- **Task objective**:
Starting at the line that contains "Flat lay. Hands", write out every line through the last one in the records below, word for word. Leave out any pictures.

- **Data entries**:
----------------------------------------

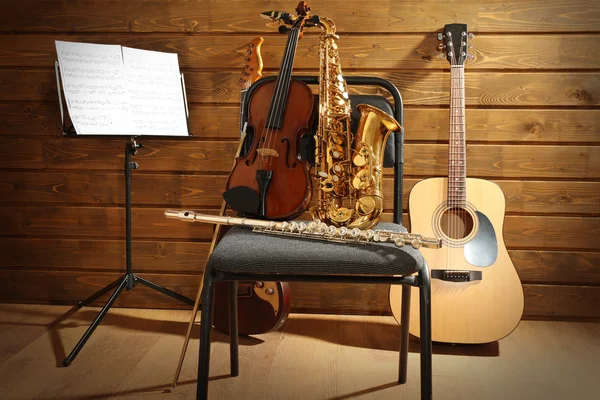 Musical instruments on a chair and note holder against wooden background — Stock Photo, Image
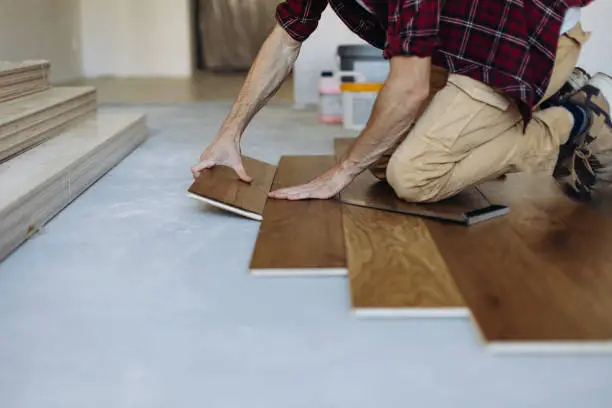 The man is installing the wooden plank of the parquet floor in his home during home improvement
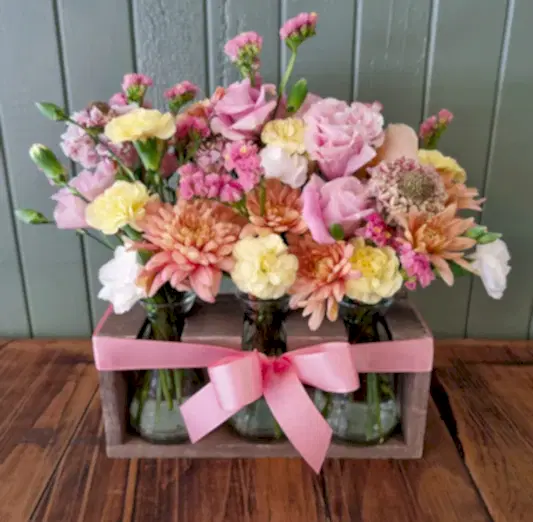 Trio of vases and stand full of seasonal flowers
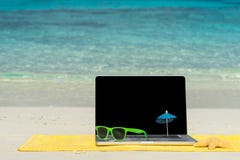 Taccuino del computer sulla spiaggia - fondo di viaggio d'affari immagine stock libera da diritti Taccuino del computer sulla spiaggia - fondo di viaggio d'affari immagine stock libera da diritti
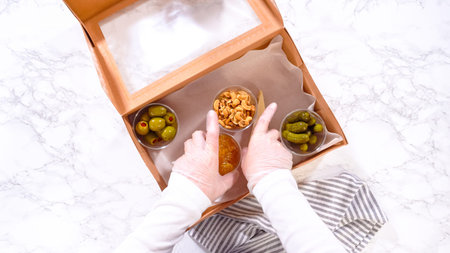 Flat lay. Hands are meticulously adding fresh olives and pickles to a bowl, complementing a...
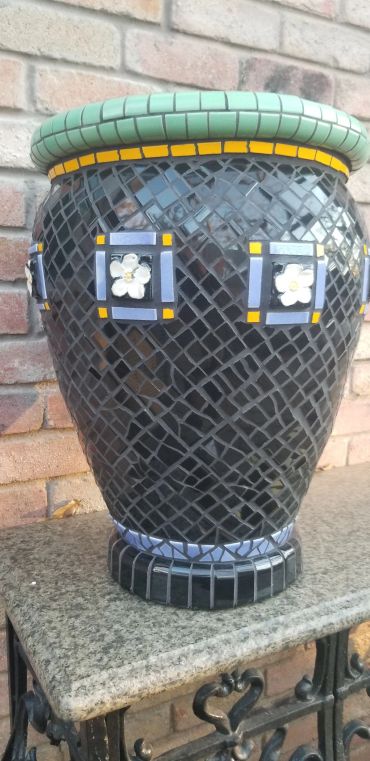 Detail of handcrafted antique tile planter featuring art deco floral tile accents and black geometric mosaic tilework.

----------------------------------------

- **Output of the task**:
 Flat lay. Hands are meticulously adding fresh olives and pickles to a bowl, complementing a...
 Detail of handcrafted antique tile planter featuring art deco floral tile accents and black geometric mosaic tilework.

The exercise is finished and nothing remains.